Any pointers where to start?  I had looked at /var/log/messages but didn't see anything from the day before.  Not sure where else to start.  I do experience some Segfaults when emerging a world update.

----------

## gohmdoree

I have logs up to afternoon May 31, but it doesn't start again until Jun 2 afternoon.  Maybe can be thought of as maybe compromised?  The machine was down most of yesterday though.  At least from my pov.

----------

## chithanh

If it is a recurring issue, you can capture the kernel panic with a kdump kernel. This kernel is called via kexec() on panic and allows you to take a memory snapshot for further debugging. Check /usr/src/linux/Documentation/kdump/ for details.

----------

## Hu

I suppose the technician did not record the kernel panic text before resetting the machine?

When you experience problems updating world, are they reproducible or are they random?

----------

## gohmdoree

I'll look into capturing that kernel panic.

No the tech didn't record anything.  I had asked a few times, but no mention of it.

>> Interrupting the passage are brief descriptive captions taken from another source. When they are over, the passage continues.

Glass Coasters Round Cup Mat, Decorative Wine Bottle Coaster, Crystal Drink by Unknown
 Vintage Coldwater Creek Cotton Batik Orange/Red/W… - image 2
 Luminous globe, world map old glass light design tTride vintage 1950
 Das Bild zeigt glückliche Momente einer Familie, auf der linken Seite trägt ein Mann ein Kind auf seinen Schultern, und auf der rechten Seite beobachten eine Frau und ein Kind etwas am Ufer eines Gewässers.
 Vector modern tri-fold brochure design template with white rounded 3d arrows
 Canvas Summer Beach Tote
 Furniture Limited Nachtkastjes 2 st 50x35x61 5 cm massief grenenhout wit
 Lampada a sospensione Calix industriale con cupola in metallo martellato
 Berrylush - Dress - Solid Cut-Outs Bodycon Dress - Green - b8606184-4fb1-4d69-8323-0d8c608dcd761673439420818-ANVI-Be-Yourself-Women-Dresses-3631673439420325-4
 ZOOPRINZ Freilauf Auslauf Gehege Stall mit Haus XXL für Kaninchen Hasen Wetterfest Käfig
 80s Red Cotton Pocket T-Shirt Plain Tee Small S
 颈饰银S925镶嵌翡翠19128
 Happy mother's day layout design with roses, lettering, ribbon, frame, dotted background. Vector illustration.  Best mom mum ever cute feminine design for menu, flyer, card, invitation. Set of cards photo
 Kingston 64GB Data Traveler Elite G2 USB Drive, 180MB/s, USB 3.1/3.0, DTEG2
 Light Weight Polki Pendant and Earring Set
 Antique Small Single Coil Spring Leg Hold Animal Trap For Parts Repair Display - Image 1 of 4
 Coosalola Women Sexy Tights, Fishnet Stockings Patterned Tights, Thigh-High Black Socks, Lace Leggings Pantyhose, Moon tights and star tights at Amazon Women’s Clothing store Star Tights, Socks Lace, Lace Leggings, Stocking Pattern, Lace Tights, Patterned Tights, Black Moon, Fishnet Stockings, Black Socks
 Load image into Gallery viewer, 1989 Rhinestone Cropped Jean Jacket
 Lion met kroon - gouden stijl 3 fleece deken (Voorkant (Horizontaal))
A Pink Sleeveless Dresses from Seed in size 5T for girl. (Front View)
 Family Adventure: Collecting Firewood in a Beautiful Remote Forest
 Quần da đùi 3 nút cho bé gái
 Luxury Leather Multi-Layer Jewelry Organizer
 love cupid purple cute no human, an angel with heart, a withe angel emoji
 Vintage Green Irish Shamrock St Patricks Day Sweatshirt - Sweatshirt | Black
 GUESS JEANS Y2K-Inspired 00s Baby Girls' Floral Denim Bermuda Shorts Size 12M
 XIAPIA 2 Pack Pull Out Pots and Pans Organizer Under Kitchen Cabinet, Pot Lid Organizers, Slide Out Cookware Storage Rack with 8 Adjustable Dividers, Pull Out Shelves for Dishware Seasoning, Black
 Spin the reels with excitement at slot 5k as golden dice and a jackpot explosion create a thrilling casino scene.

It happens randomly when doing an emerge world, and not all the time.  Usually, I just rerun emerge world and it goes through fine.  I think at one point they said that there was a heat issue.

----------

## chithanh

If you suspect that the CPU may be overheating, you can try to limit its maximum frequency using /sys/devices/system/cpu/cpu*/cpufreq/scaling_max_freq . This needs CPU frequency scaling and PowerNow (AMD) or ACPI p-states (Intel) enabled in your kernel.

----------

## gohmdoree

Thanks for the great tips chithanh.

Will have to give it a go.  Traveling so will try when I have access again.

----------